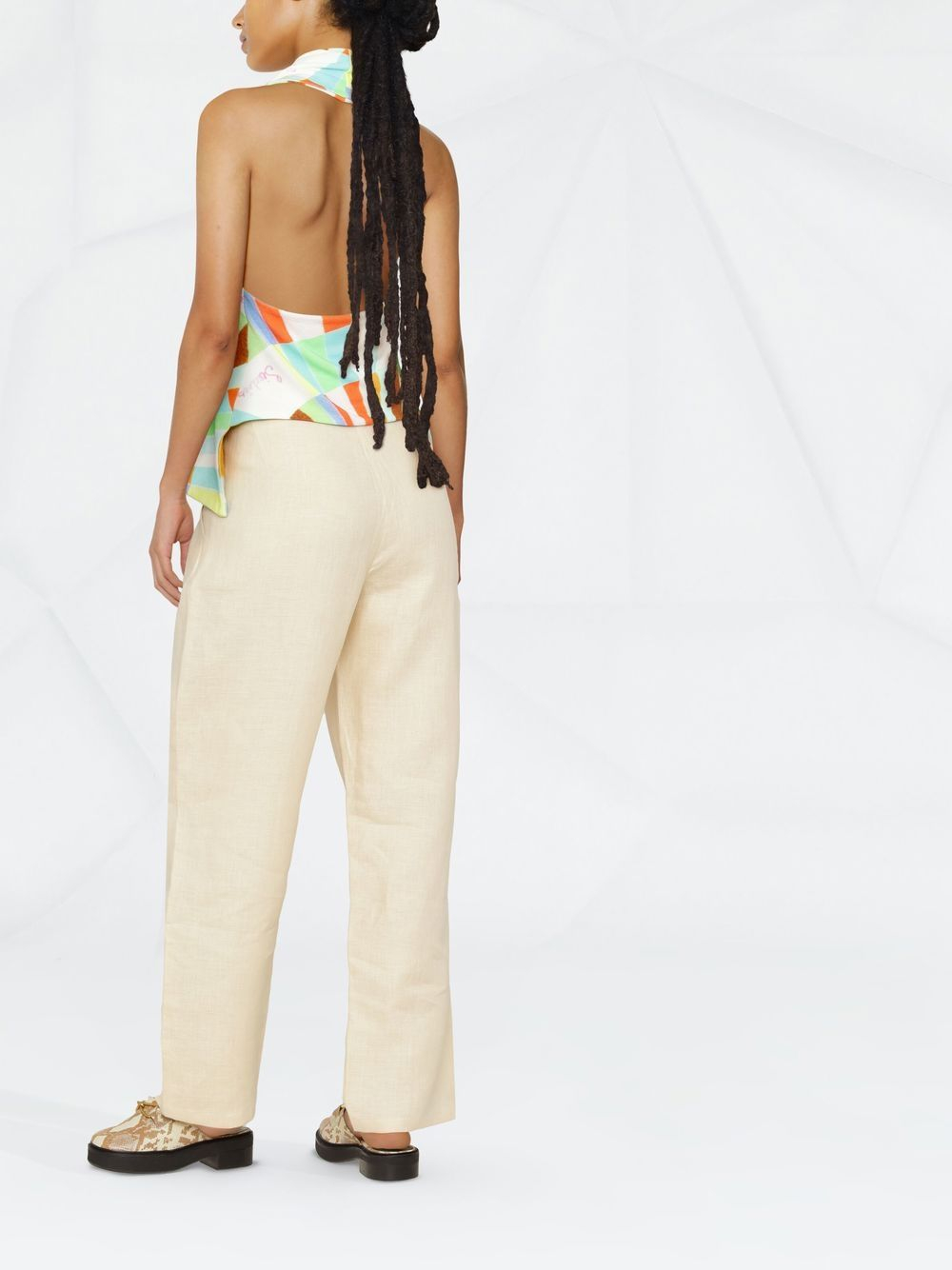 [Siedres] Trousers SS22 SS22BT21BG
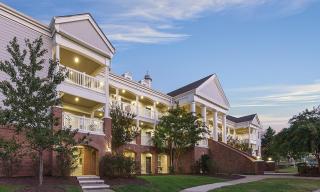 Wyndham Governor's Green 2BR Apartment with Resort Access - Williamsburg - 9
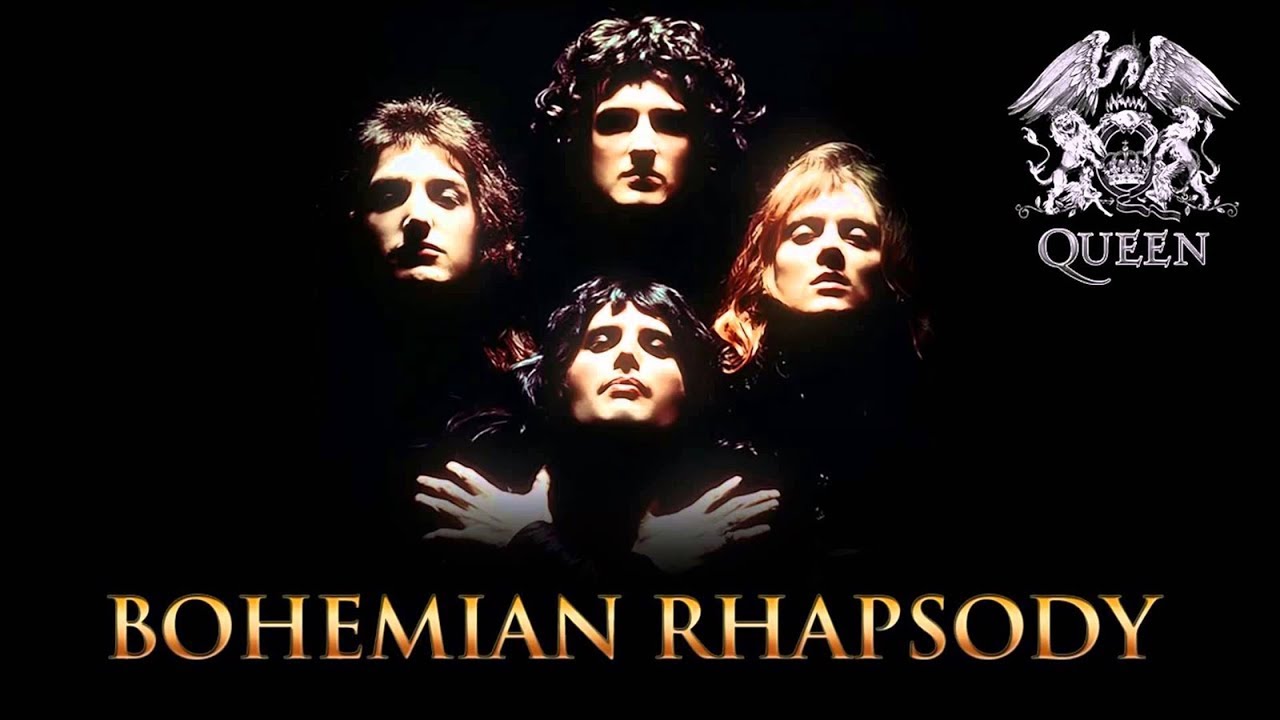 Music in Movies: Bohemian Rhapsody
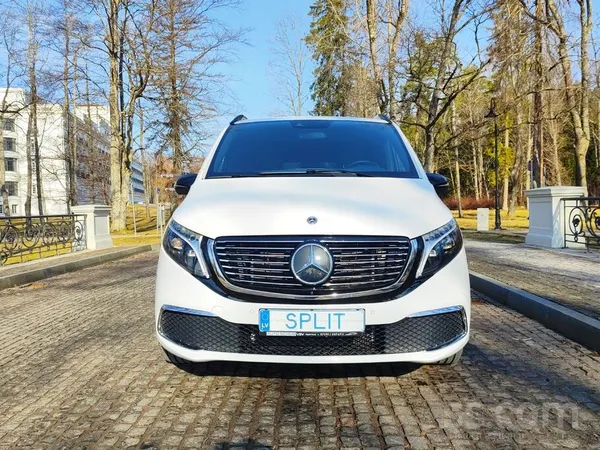 Mercedes - 1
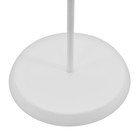 Торшер 1341059WT+WT/1 15Вт E27 белый - фото 2724066 Торшер 1341059WT+WT/1 15Вт E27 белый - фото 2724066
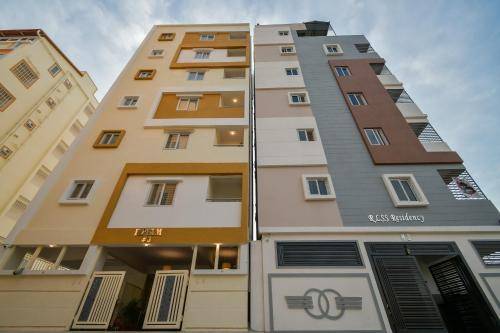93 m² Ferienwohnung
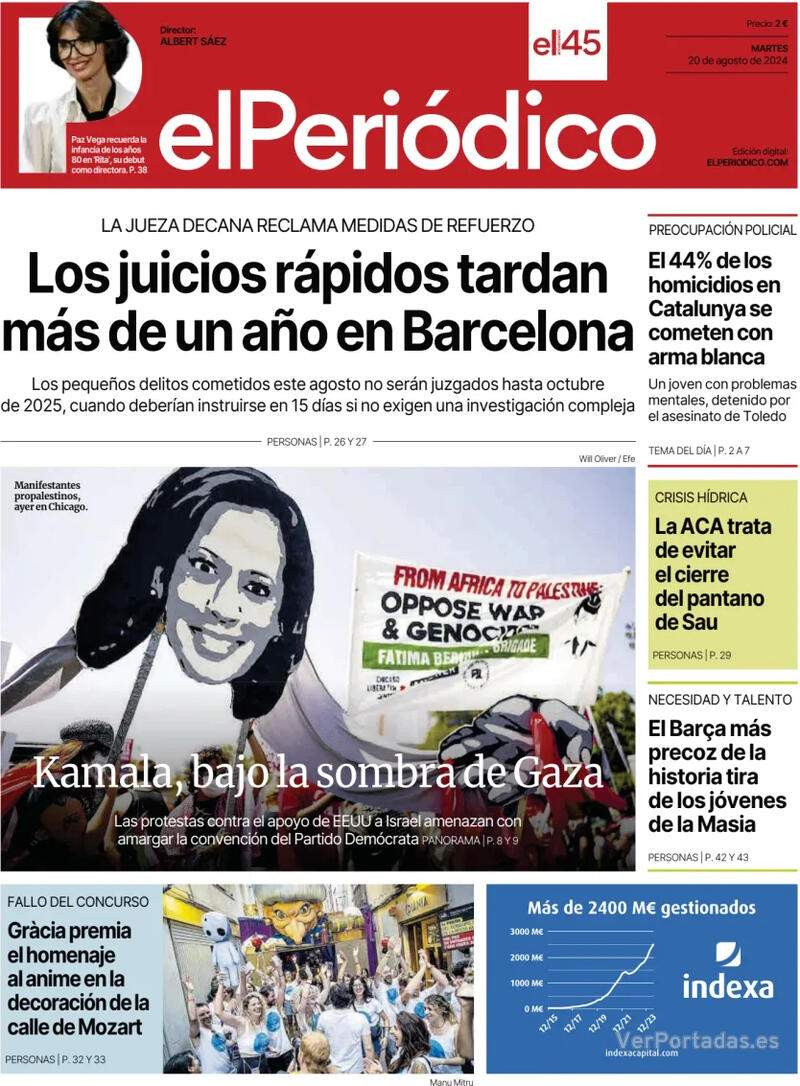 El Periódico El Periódico
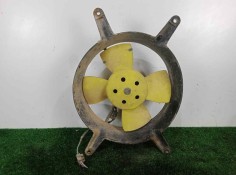 Recambio de electroventilador para seat terra 0.9 referencia OEM IAM 9010054 Ø DIAMETRO: 255MM 2.PINES 2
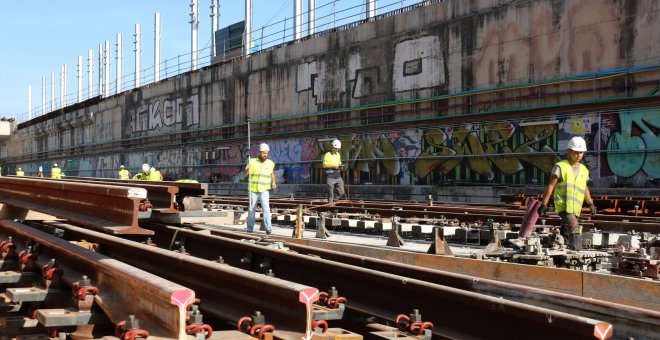 El 23J vuelve a poner el foco en la inversión del Estado en Catalunya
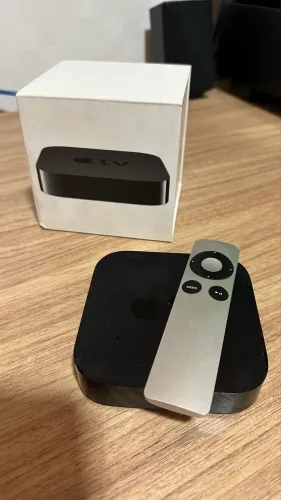 AppleTV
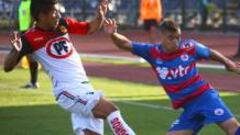 Así será la liguilla de Primera B tras desafiliación de Concepción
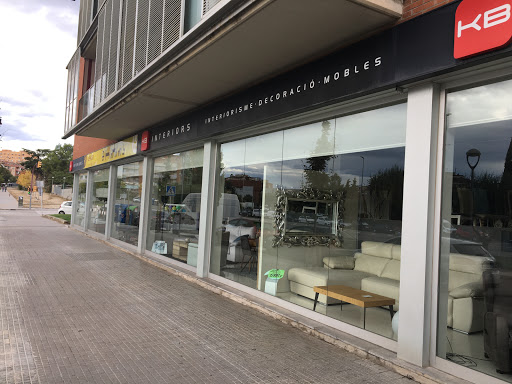 KB interiors - Visual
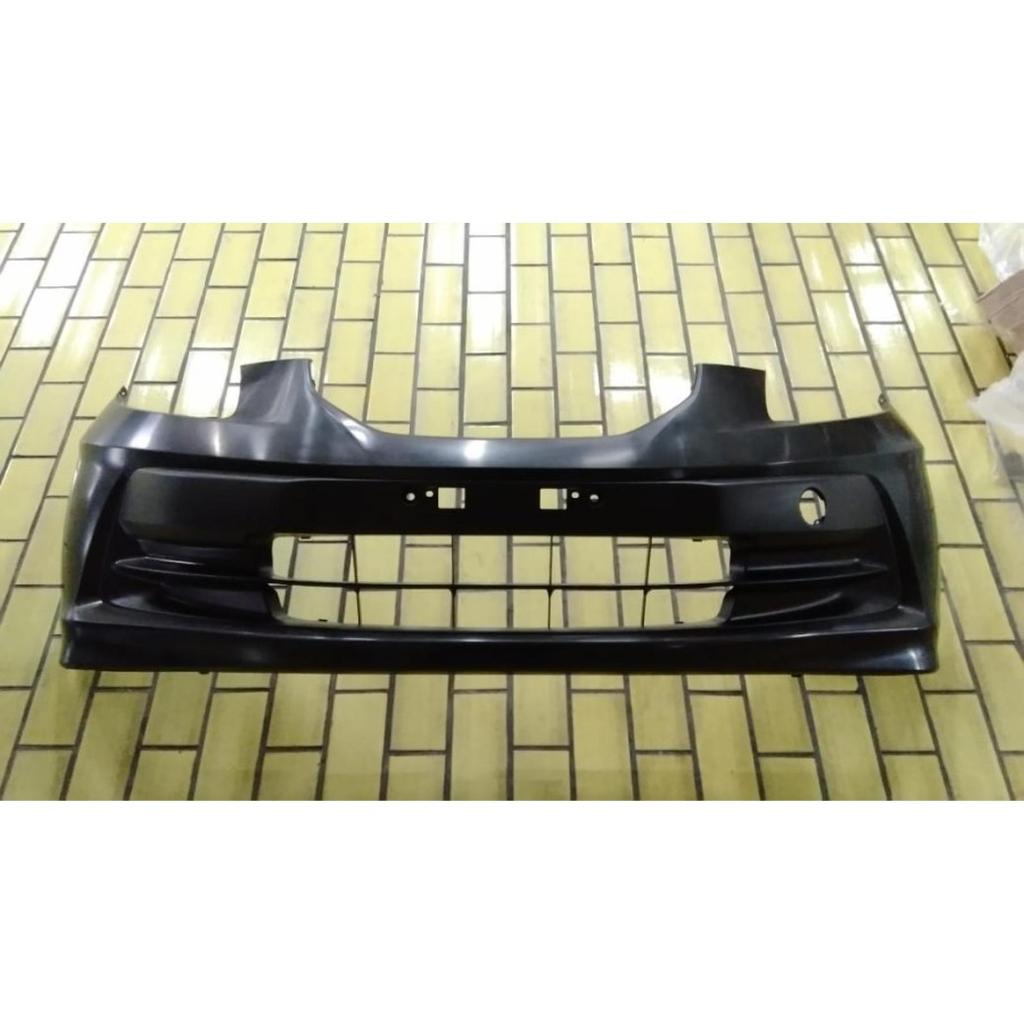 bumper depan brio old 2012 2013 2014 2015 ori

-------

PROBLEM DETAILS — From the line that contains "Mercedes - 1" to the last line of the records above, copy each line exactly, both ends included, and leave the pictures out.

ANSWER SECTION —
 Mercedes - 1
 Торшер 1341059WT+WT/1 15Вт E27 белый - фото 2724066 Торшер 1341059WT+WT/1 15Вт E27 белый - фото 2724066
93 m² Ferienwohnung
 El Periódico El Periódico
 Recambio de electroventilador para seat terra 0.9 referencia OEM IAM 9010054 Ø DIAMETRO: 255MM 2.PINES 2
 El 23J vuelve a poner el foco en la inversión del Estado en Catalunya
 AppleTV
 Así será la liguilla de Primera B tras desafiliación de Concepción
 KB interiors - Visual
 bumper depan brio old 2012 2013 2014 2015 ori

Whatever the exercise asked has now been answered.